Starting at the line with "Pool 86 of 158" and going on through the line with "Fahrt durch schneebedeckte Berge", reproduce each line in the records below exactly and nothing more.

(Source records)
>>

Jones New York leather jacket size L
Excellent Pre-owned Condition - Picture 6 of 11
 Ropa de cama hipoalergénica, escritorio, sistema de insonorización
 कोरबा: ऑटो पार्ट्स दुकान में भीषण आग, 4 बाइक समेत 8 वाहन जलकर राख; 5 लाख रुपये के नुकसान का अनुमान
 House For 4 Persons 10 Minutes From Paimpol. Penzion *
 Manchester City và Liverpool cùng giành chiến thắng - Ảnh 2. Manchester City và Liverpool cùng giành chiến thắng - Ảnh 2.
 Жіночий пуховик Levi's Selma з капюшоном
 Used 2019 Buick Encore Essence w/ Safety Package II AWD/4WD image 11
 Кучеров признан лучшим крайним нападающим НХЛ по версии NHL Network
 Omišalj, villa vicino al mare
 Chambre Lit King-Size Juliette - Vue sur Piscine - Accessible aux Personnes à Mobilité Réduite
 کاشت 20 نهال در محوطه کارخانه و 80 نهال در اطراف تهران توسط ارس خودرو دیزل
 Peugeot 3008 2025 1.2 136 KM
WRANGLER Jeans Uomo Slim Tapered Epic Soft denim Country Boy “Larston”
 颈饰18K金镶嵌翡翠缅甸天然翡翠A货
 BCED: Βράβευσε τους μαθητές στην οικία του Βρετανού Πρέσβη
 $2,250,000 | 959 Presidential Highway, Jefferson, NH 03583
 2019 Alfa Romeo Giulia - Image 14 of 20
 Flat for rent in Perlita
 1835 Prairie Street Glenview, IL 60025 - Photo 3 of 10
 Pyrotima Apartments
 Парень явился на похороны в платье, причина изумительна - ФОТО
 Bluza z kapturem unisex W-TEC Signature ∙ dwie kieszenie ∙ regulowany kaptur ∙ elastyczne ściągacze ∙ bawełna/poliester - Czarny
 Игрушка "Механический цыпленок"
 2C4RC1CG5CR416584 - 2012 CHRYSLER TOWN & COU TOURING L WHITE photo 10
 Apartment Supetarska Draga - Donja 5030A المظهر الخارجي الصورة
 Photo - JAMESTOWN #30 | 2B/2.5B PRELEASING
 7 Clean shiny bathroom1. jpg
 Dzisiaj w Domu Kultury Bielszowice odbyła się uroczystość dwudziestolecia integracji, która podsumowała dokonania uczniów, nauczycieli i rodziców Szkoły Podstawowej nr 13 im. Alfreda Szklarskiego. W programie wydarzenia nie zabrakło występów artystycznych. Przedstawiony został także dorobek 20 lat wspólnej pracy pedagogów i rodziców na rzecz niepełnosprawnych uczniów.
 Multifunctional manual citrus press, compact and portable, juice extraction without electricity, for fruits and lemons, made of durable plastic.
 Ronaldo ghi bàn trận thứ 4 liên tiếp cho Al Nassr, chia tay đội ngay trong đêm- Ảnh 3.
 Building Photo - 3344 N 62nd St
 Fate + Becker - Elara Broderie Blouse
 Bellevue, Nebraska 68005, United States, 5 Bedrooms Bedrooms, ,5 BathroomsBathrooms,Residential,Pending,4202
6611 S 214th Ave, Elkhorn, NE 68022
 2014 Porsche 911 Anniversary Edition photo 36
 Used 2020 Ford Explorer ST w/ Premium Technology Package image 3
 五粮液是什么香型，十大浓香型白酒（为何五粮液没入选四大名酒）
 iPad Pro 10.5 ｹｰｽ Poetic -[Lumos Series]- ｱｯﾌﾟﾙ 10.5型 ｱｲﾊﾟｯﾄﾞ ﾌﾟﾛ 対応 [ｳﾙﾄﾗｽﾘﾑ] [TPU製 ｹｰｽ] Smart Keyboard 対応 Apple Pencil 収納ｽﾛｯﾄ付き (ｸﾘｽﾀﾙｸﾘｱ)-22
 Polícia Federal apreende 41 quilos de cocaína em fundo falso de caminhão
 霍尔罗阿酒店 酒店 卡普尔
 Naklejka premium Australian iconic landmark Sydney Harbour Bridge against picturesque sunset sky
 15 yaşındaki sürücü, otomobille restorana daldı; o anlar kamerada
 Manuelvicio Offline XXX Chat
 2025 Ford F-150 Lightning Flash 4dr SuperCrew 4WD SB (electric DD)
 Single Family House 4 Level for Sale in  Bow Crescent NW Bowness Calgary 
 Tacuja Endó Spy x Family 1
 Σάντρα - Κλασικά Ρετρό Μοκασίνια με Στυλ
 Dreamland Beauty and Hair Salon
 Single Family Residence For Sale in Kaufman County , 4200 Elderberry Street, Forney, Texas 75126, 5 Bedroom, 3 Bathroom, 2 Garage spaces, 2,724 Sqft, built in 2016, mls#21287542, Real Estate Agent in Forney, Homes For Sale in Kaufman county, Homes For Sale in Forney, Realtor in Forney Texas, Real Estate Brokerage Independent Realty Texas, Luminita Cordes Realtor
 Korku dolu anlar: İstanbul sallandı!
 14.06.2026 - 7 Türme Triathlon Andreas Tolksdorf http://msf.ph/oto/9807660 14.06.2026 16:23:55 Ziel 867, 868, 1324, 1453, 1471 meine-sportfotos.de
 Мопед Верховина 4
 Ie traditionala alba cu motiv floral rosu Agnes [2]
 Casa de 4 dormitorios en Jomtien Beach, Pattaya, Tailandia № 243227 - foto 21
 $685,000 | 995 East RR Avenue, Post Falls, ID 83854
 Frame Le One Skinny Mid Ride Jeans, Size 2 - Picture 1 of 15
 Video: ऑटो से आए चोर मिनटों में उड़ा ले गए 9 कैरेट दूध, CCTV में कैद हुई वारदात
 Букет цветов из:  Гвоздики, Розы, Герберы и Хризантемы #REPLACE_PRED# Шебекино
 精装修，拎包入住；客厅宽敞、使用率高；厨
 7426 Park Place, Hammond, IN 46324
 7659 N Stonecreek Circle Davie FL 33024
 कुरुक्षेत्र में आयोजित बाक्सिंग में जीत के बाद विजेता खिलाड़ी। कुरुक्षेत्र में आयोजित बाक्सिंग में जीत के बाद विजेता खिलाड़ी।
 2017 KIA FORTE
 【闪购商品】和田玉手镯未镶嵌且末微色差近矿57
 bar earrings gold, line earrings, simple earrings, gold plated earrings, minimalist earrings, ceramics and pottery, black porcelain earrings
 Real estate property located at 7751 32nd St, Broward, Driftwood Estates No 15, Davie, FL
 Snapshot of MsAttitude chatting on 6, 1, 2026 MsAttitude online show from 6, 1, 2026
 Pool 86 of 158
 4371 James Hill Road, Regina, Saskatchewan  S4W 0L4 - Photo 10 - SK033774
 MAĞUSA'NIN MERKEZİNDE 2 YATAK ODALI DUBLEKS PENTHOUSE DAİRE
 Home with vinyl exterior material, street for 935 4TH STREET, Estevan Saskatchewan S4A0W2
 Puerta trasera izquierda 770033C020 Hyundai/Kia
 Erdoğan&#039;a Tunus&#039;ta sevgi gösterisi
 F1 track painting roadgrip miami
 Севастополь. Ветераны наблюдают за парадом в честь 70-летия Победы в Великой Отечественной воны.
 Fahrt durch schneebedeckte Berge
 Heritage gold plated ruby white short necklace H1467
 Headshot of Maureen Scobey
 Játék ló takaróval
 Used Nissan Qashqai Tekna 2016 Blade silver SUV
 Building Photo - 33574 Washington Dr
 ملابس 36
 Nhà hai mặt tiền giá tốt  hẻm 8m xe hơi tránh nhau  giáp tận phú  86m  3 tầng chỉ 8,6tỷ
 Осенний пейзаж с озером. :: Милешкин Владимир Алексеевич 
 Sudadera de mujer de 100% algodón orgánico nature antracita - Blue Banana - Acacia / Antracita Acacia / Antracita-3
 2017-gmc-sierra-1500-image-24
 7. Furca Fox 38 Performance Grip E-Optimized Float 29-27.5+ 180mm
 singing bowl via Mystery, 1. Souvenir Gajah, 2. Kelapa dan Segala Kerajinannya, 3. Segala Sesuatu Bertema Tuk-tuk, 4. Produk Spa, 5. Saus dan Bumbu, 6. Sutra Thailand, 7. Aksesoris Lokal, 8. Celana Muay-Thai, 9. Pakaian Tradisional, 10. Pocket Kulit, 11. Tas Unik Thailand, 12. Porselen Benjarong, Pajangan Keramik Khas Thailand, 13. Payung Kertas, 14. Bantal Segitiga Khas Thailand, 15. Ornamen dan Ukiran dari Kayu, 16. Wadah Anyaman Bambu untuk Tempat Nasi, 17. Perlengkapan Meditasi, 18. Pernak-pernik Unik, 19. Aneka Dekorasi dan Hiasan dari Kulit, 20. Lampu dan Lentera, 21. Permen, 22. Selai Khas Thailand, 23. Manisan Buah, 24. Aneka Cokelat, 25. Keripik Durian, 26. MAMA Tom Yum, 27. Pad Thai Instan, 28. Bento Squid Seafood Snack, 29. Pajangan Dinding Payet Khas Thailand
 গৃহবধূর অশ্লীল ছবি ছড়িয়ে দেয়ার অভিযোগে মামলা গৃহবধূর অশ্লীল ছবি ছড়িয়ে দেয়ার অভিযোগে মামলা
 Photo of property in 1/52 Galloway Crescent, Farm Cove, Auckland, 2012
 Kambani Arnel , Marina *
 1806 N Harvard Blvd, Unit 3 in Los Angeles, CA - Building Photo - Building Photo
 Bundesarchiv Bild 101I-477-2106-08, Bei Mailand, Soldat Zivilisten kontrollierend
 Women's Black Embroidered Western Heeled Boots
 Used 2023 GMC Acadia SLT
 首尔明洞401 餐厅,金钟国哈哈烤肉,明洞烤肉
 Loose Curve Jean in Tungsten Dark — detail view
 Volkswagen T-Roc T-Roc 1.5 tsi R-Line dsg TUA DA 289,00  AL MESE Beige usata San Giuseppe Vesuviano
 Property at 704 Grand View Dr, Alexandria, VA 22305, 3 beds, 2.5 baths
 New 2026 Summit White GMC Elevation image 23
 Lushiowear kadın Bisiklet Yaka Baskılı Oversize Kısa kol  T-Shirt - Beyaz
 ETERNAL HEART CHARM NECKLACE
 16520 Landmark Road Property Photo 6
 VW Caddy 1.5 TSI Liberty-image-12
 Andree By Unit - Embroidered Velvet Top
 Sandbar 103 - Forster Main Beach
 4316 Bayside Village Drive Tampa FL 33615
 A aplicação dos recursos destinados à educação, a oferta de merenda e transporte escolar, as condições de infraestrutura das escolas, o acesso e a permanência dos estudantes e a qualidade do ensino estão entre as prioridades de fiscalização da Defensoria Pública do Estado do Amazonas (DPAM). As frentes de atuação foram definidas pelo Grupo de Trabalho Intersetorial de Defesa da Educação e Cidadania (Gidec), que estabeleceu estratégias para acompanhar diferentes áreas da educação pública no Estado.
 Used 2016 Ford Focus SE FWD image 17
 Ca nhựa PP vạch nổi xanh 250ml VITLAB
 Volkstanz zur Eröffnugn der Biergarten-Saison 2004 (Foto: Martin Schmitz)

<<

Output:
 Pool 86 of 158
 4371 James Hill Road, Regina, Saskatchewan  S4W 0L4 - Photo 10 - SK033774
 MAĞUSA'NIN MERKEZİNDE 2 YATAK ODALI DUBLEKS PENTHOUSE DAİRE
 Home with vinyl exterior material, street for 935 4TH STREET, Estevan Saskatchewan S4A0W2
 Puerta trasera izquierda 770033C020 Hyundai/Kia
 Erdoğan&#039;a Tunus&#039;ta sevgi gösterisi
 F1 track painting roadgrip miami
 Севастополь. Ветераны наблюдают за парадом в честь 70-летия Победы в Великой Отечественной воны.
 Fahrt durch schneebedeckte Berge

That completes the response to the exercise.